## Dataset entries

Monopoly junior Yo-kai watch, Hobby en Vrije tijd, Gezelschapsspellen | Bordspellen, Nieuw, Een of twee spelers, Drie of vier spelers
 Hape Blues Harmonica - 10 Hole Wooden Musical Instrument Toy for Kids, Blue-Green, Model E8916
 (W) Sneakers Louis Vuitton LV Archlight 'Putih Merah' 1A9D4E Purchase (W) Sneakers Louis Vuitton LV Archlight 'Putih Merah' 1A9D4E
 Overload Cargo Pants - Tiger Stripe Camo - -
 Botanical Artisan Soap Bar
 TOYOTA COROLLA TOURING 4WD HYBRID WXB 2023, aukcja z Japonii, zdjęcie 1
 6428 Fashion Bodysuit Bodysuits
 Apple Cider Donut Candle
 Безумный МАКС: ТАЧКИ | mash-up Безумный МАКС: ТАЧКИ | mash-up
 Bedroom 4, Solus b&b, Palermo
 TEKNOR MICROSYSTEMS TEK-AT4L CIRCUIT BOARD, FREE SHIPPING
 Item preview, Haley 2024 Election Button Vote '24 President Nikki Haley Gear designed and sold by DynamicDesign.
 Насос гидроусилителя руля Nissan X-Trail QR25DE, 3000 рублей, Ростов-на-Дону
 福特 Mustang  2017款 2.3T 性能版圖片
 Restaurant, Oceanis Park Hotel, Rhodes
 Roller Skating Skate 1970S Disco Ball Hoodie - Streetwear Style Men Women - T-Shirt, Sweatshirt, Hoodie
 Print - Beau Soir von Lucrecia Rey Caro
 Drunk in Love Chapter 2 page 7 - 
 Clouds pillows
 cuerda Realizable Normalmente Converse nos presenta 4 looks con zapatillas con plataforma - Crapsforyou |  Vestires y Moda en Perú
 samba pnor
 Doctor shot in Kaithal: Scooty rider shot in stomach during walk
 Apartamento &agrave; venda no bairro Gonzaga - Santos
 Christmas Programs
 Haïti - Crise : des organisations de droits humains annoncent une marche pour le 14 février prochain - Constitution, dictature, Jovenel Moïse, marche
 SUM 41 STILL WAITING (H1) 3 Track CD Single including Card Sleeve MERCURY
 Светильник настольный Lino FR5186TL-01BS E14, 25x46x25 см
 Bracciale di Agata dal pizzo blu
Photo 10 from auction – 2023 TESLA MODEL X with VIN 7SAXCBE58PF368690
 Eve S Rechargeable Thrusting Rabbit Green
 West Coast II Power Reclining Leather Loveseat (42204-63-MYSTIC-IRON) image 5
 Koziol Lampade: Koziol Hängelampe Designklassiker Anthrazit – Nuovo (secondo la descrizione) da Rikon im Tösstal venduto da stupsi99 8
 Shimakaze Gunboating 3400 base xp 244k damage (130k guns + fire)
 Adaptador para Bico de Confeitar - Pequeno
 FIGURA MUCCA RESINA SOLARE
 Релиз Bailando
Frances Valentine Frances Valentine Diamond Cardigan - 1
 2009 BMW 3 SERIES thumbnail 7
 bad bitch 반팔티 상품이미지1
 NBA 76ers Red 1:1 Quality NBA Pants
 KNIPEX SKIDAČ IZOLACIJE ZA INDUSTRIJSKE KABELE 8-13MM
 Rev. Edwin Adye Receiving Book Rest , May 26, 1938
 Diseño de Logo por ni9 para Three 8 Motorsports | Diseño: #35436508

## Task to carry out
The entries above hold the needed span. Transcribe exactly the lines from the one with "Eve S Rechargeable Thrusting Rabbit Green" to the one with "Релиз Bailando", both included.

## Exercise response
 Eve S Rechargeable Thrusting Rabbit Green
 West Coast II Power Reclining Leather Loveseat (42204-63-MYSTIC-IRON) image 5
 Koziol Lampade: Koziol Hängelampe Designklassiker Anthrazit – Nuovo (secondo la descrizione) da Rikon im Tösstal venduto da stupsi99 8
 Shimakaze Gunboating 3400 base xp 244k damage (130k guns + fire)
 Adaptador para Bico de Confeitar - Pequeno
 FIGURA MUCCA RESINA SOLARE
 Релиз Bailando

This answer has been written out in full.